Tuesday, April 10, 2012


“Send Your light and Your truth; let them lead me.” (Psalm 43:3)

            Darkness and uncertainty are the twin enemies of the wholeness God wants us to have.  Darkness can lead to uncertainty, and uncertainty can feed the darkness.  These two enemies are like a spiritual cancer that eats away at peace, wholeness, and wellness.  The darkness of depression and the uncertainty produced by sorrow can devastate the human spirit and cause us to feel abandoned and alone, wondering where God is and why He does not seem to respond.  They create an inner turmoil that deprives us of peace.
            Twin antidotes are needed to combat these.  One is light, but not just light in general, and not light that is human in origin.  God’s light is what we need.  In his darker moments, David realized this and asked God not to send light but to send HIS light.  The only antidote for the spiritual darkness of depression (not to be confused with clinical depression, which is physical in nature) is God’s light, and God sends us His light through His word, which is one of the reasons we must stay in His word.  We pray and ask God to send us His light.
            The twin antidote of God’s light is God’s truth.  Again, the truth we are interested in and desperately need is not human in origin, but truth that comes from God.  The truth, like His light, comes through God’s word, and it is what sets us free.  This is the truth that He loves us, and that in Him there is hope.  His hope comes to us smiling and unlocks the door, so we may enter His light and His truth.
            Put your hope in God.  Praise Him as Your Savior and Lord.  Let His light dispel the darkness.  Let His truth settle your sorrow.  Then the turmoil will subside, so that peace may return and again reside within.

Father, On those days when darkness and uncertainty are strong in attendance, help us to remember that our hope is in You, and help us to turn especially to Your word where we will find the light and the truth we need.  Amen.

Tuesday, April 3, 2012

All or Not

“The person who loves father or mother more than Me is not worthy of Me; the person who loves son or daughter more than Me is not worthy of Me.  And whoever doesn’t take up his cross and follow Me is not worthy of Me.  Anyone finding his life will lose it, and anyone losing his life because of Me will find it.” (Matthew 10:37-39)

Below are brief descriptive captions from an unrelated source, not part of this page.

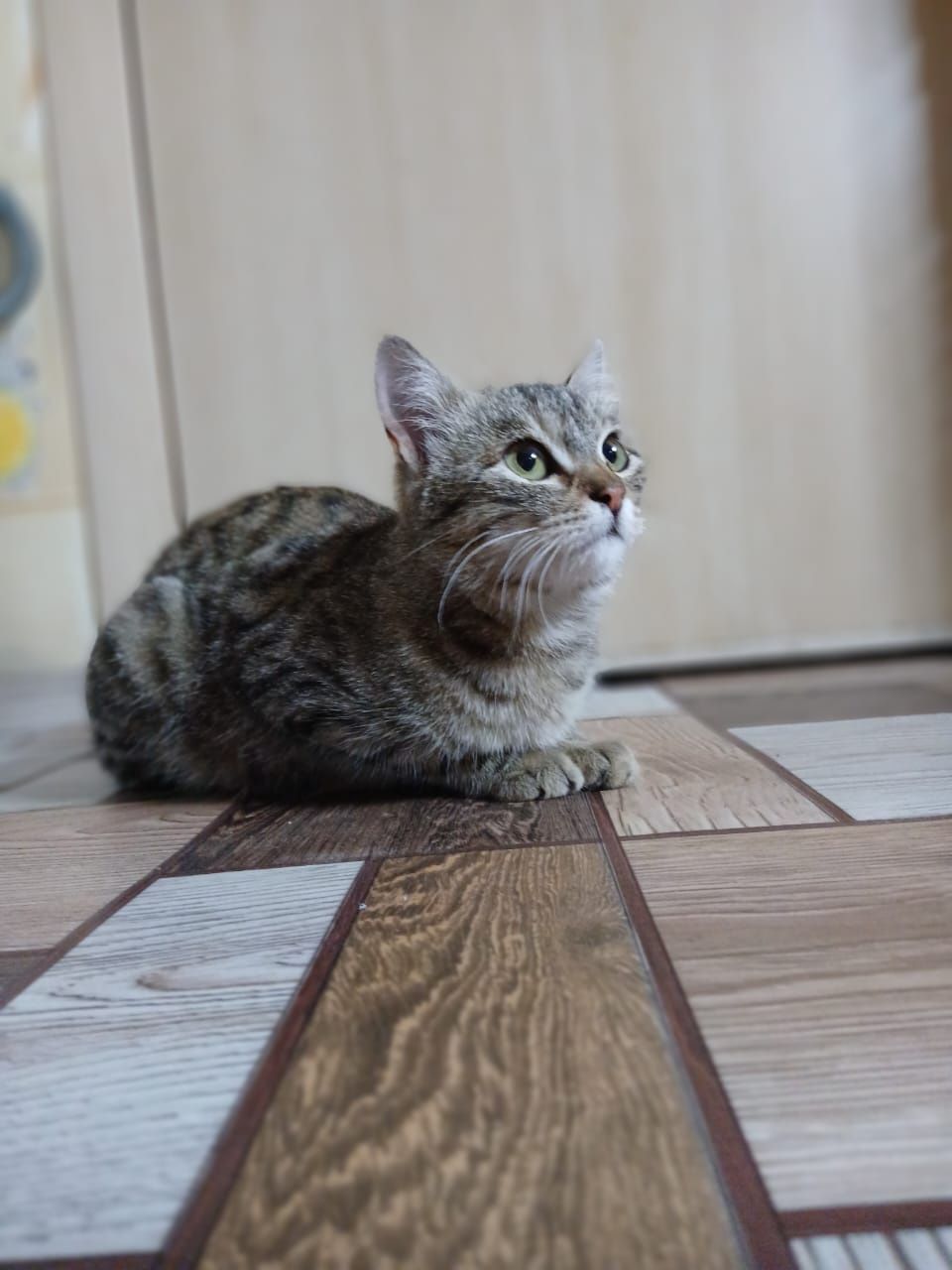 Отдам котенка в добрые руки, мальчика, 4 месяца
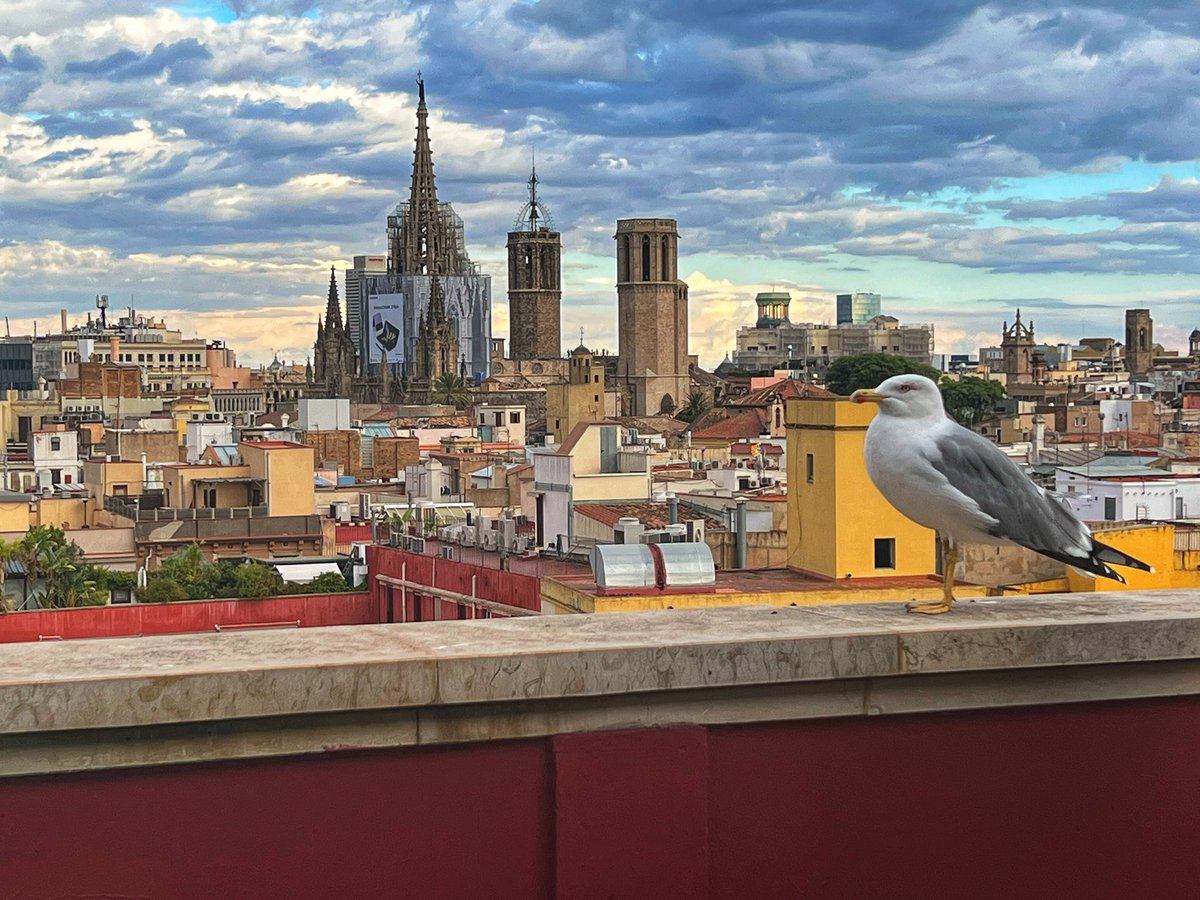 #FridayView #barcelona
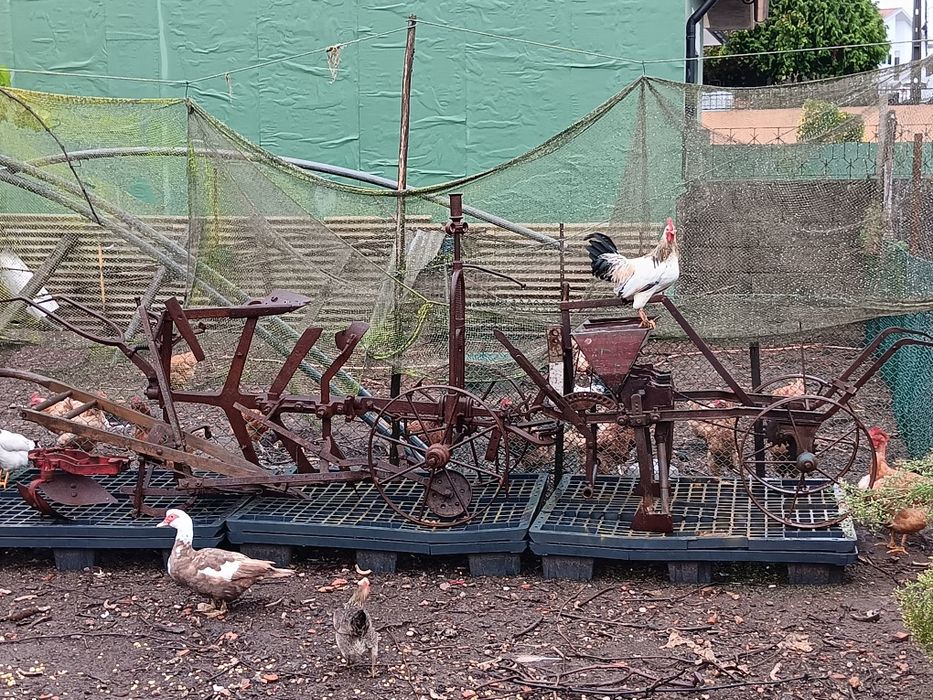 charrua  e semeador para enfeitar jardins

            One of the most fruitful discussions you can have with yourself occurs when you answer the question: What does it mean to be a Christian?  How is a Christian defined?  That question, by necessity, leads to a lateral question: How did Jesus define a Christian since He is the Author and Finisher of our faith?  After all, it’s His definition that counts.
            Jesus defined a Christian essentially in the verse above along with its preceding paragraph.  A Christian is a believer, follower, and disciple of Jesus, one who loves Him and follows Him regardless of anything or anyone else, one who does not seek his or her own life, but seeks the Lord.  A Christian is one who is committed to a faith relationship with Jesus that impacts every aspect of his or her life.
            This concept may challenge some of the thinking in our society.  For example, one popular idea today suggests that people “make Jesus a part of your life.”  The idea behind this is that we each have a life segmented into various facets – family, work, social activity, education, religion, and so on – and thus we are to invite Jesus into our hearts to make Him “a part” of our lives.  We give Him a room in the house, so to speak.  When you hold this idea up to the light in one hand, and then hold the previous idea up to the light and compare the two, you discover that they do not, in fact, match.
            This being the case, maybe we need to consider what we can do to help others see the reality of the true teaching of Jesus so they can make some adjustments in their message.  Jesus does not want to be “part” of your life; He wants to be “central” to your life.  

Lord, You are our life.  Apart from You we have no life. Our desire is that You be central in our lives, and that every aspect of our lives revolve around our relationship with You.  Amen.